Ohhh, so basically #1579. We can revert to an older version, but the question is whether there's something that needs to be updated in PyTorch-Lightning (in case this was an accidental change) or LitGPT (so that we can support newer PTL versions moving forward). Would appreciate your thoughts here @awaelchli

rasbt commented 1 month ago

Added a quick PR to add a test and revert the lightning version until we have more time to investigate #1605

awaelchli commented 1 month ago

It's not really fixed. Downgrading the version is possible to avoid the problem, but isn't it conceivable that at some point LitGPT might want to support newer versions of Lightning? What happens then?

I think in such situations at least we should open a ticket on the library in question (lightning in this case). Plus the stack trace hints at bitsandbytes being involved, so we'd also need to collect the bnb version used. These are all essential steps that would help us resolve these issues efficiently.

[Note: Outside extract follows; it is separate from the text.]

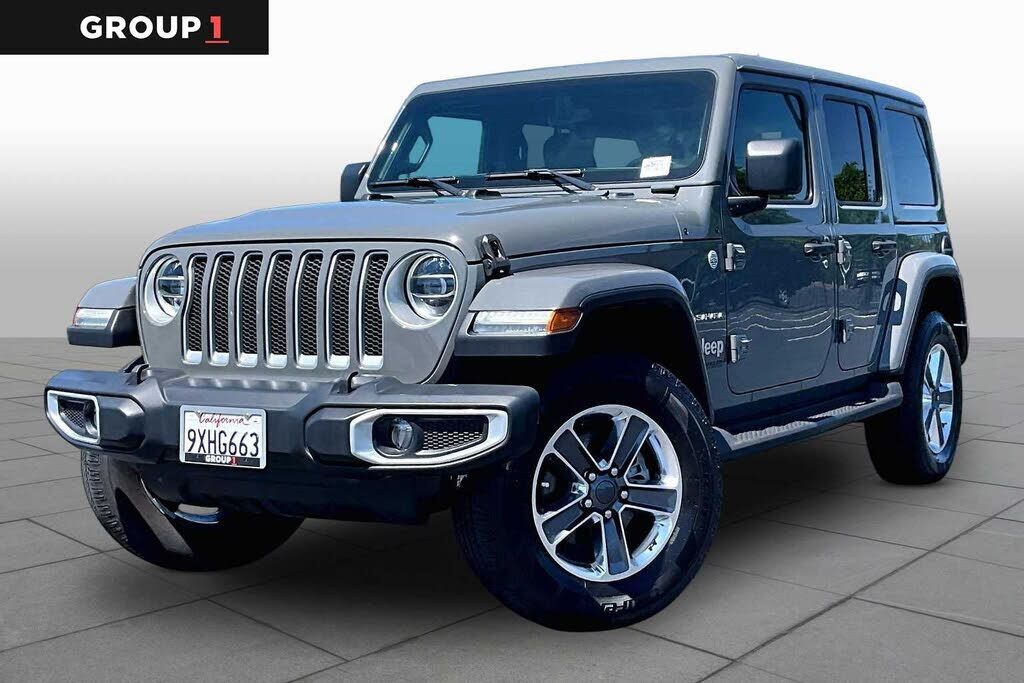 2020 JEEP Wrangler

rasbt commented 1 month ago

Yes, I just realized this too and reopened a few seconds before you posted. Let me prepare an issue for the PyTorch Lightning issue tracker.

rasbt commented 1 month ago

See issue: https://github.com/Lightning-AI/pytorch-lightning/issues/20119

awaelchli commented 1 month ago

With the fix https://github.com/Lightning-AI/pytorch-lightning/pull/20121 you can try updating the lightning package to the nightly produced next Sunday or once the next regular release is done.

rasbt commented 1 month ago

Sounds great, thanks. I will make a reminder to test this on Sunday/Monday!